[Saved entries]
[Start of section]
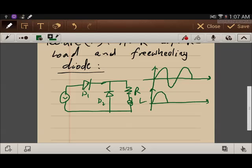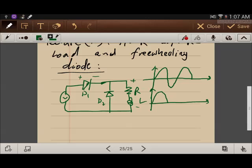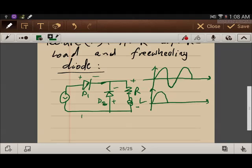During the first half cycle, the voltage across Diode 1 is positive, so the diode turns on and the positive half cycle appears across the load. When the voltage changes polarity to the negative half cycle, Diode D1 turns off and Diode D2 turns on due to the energy stored in the inductance. This blocks the negative half cycle from appearing across the load.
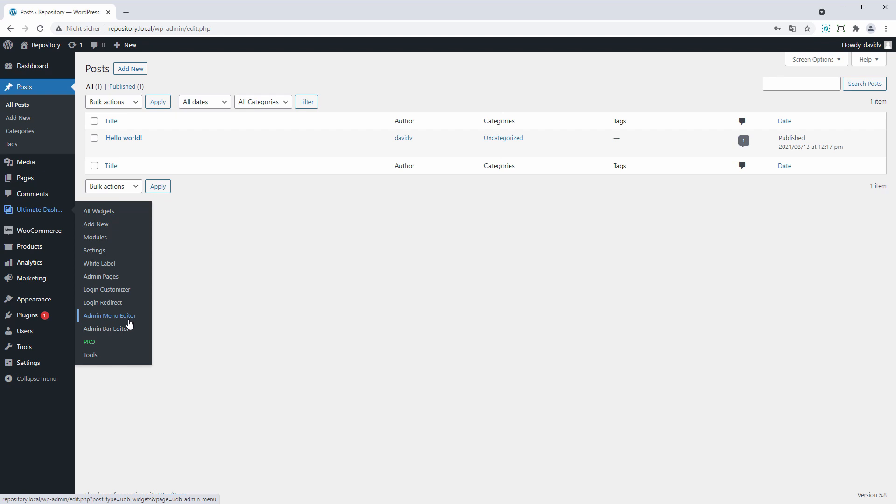And even do things like customize the WordPress admin bar and admin menu. Of course this video was just simply about the login redirect feature. There are so many more options for you to explore, so I would suggest to simply install the plugin and give it a go.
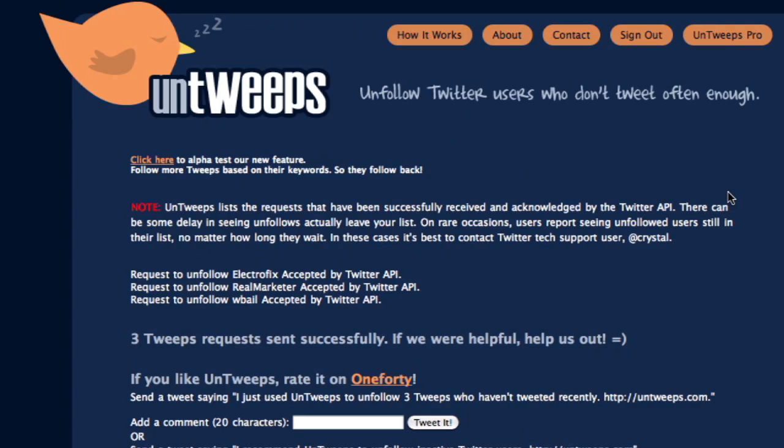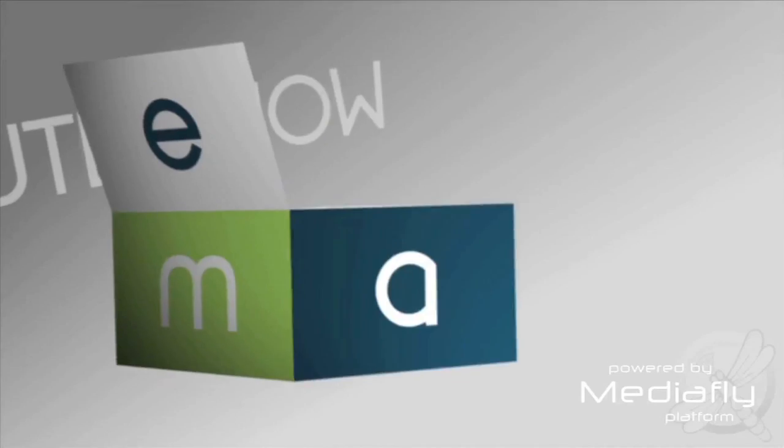And then you can clean out your following that way and make sure you're always following people who are using Twitter, active on Twitter, and providing content. That's untweeps.com for Twit Tipin' Tuesdays — we'll see you guys next week. Bye.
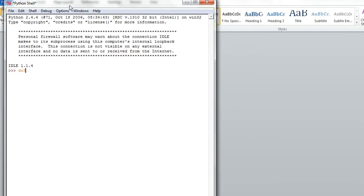Def indicates to Python that we are defining a function. f is the name of the function. x is called a parameter of the function. It's a variable whose value will be supplied when the function is called.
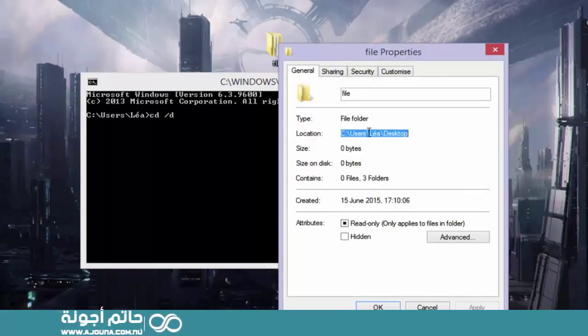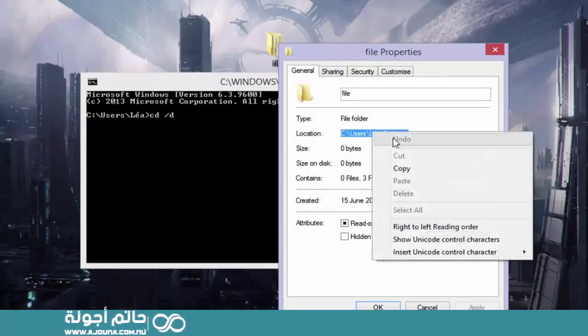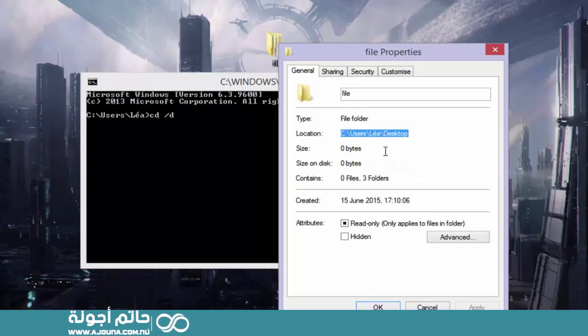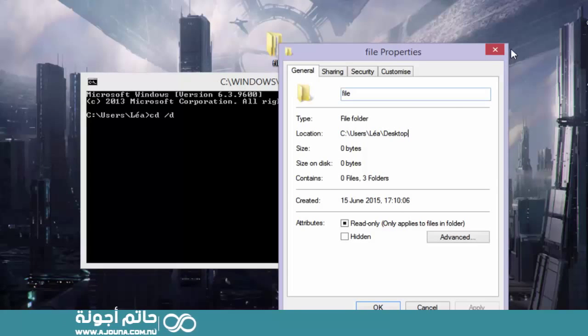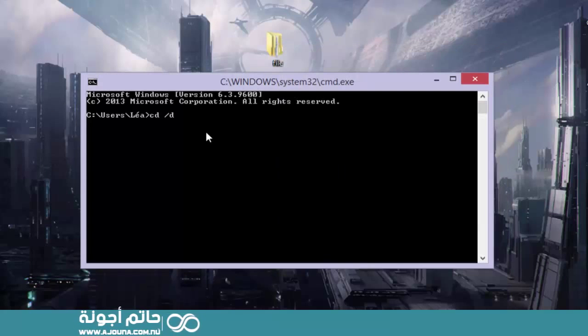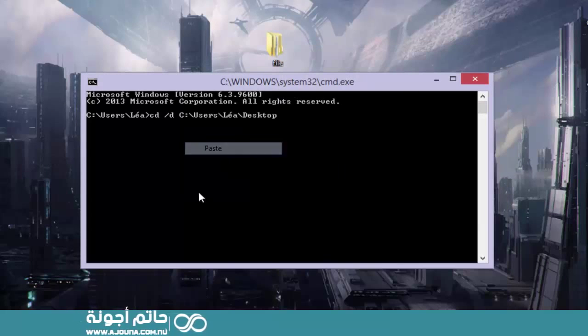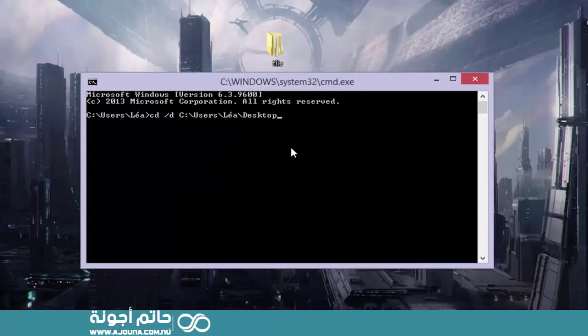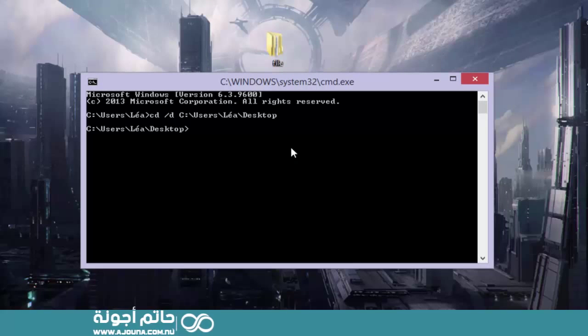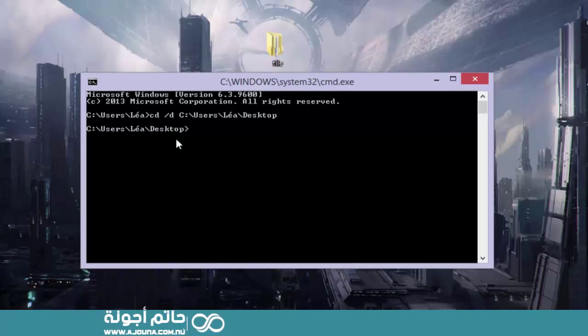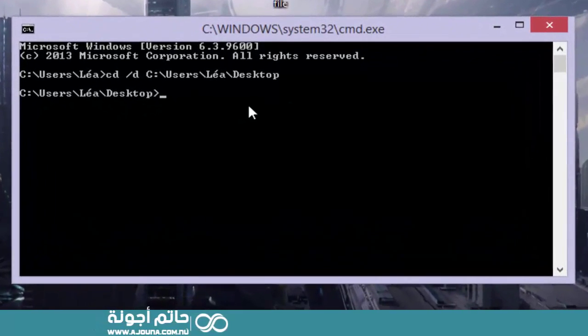And you just want to copy the location. You could just write it, but if you have a long location, it's easier to just copy it. And then go here and paste. And then just hit enter. And now as you can see, the directory has changed. We are now on the desktop.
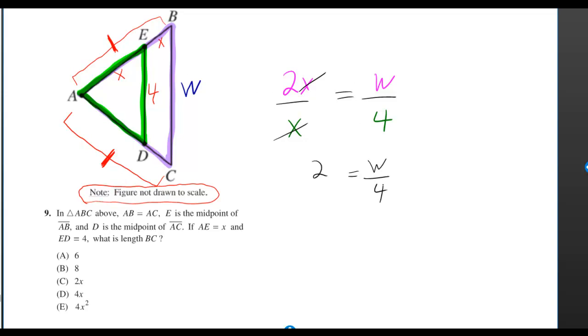So now we got W over 4 is equal to 2, which means W is equal to 4 times 2. So this proves that W is just equal to 4 times 2. So we just have to multiply by 2.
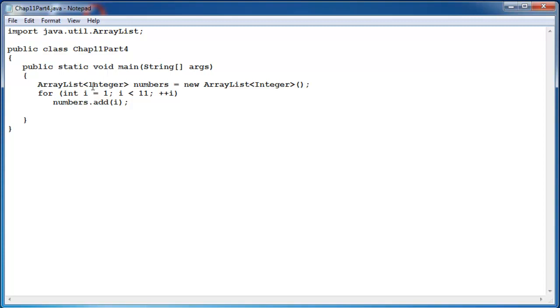Then if we want to access these elements we will use another for loop. Let's say we want to determine the total. By first creating a variable total, initialize it with 0.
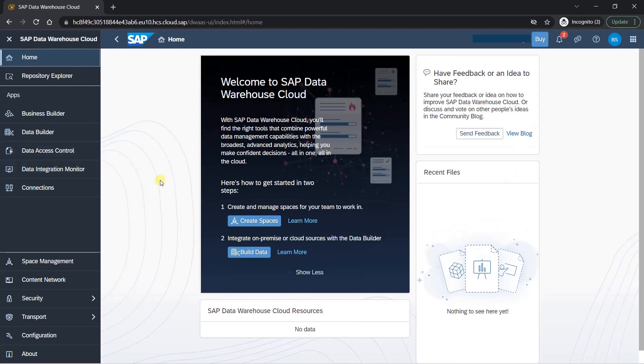In this section, we will see how we can create workspace and start using SAP Data Warehouse Cloud. So we have a lot of options here and first step you have to do if you want to start working on SAP DWC is that you have to start with space management.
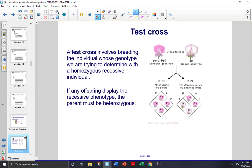Test cross. A test cross involves breeding the individual whose genotype we are trying to determine with a homozygous recessive individual.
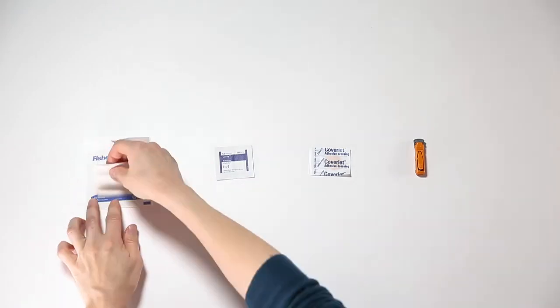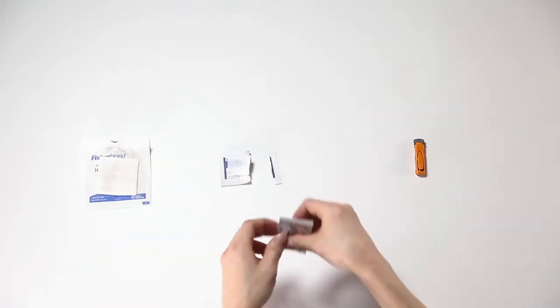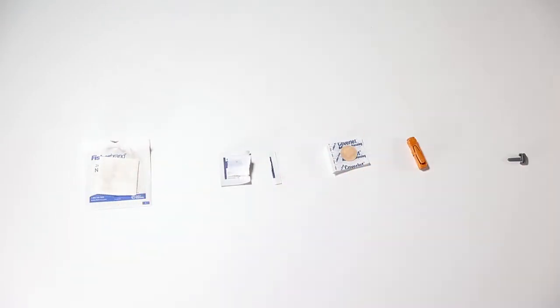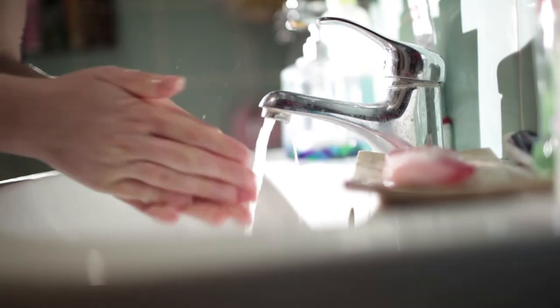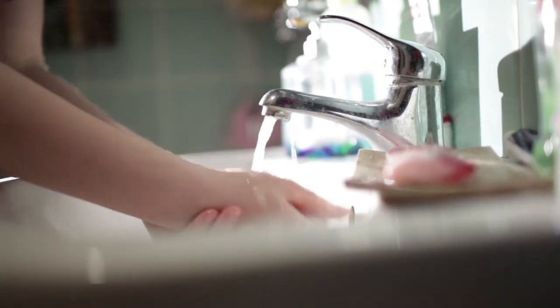Open the gauze, one bandage, one alcohol wipe, and twist the cap off of one lancet. Wash your hands with warm soapy water and dry with a clean towel.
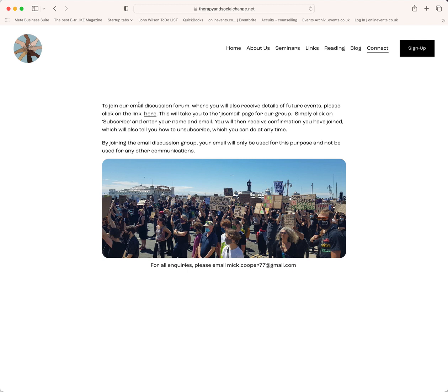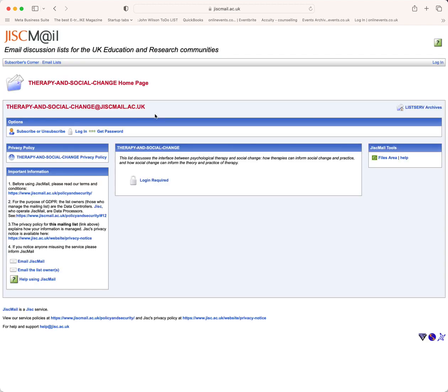You'll see a sentence about joining our email discussion forum where you'll also receive details of future events. Click on the link there, and that takes you to the JISC Mail homepage for the Therapy and Social Change Network.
[End of section]
[Your goal] Copy out every entry above verbatim. Leave each picture out.

[Exercise result]
During the first half cycle, the voltage across Diode 1 is positive, so the diode turns on and the positive half cycle appears across the load. When the voltage changes polarity to the negative half cycle, Diode D1 turns off and Diode D2 turns on due to the energy stored in the inductance. This blocks the negative half cycle from appearing across the load.
And even do things like customize the WordPress admin bar and admin menu. Of course this video was just simply about the login redirect feature. There are so many more options for you to explore, so I would suggest to simply install the plugin and give it a go.
And then you can clean out your following that way and make sure you're always following people who are using Twitter, active on Twitter, and providing content. That's untweeps.com for Twit Tipin' Tuesdays — we'll see you guys next week. Bye.
Def indicates to Python that we are defining a function. f is the name of the function. x is called a parameter of the function. It's a variable whose value will be supplied when the function is called.
And you just want to copy the location. You could just write it, but if you have a long location, it's easier to just copy it. And then go here and paste. And then just hit enter. And now as you can see, the directory has changed. We are now on the desktop.
So now we got W over 4 is equal to 2, which means W is equal to 4 times 2. So this proves that W is just equal to 4 times 2. So we just have to multiply by 2.
Then if we want to access these elements we will use another for loop. Let's say we want to determine the total. By first creating a variable total, initialize it with 0.
In this section, we will see how we can create workspace and start using SAP Data Warehouse Cloud. So we have a lot of options here and first step you have to do if you want to start working on SAP DWC is that you have to start with space management.
Test cross. A test cross involves breeding the individual whose genotype we are trying to determine with a homozygous recessive individual.
Open the gauze, one bandage, one alcohol wipe, and twist the cap off of one lancet. Wash your hands with warm soapy water and dry with a clean towel.
You'll see a sentence about joining our email discussion forum where you'll also receive details of future events. Click on the link there, and that takes you to the JISC Mail homepage for the Therapy and Social Change Network.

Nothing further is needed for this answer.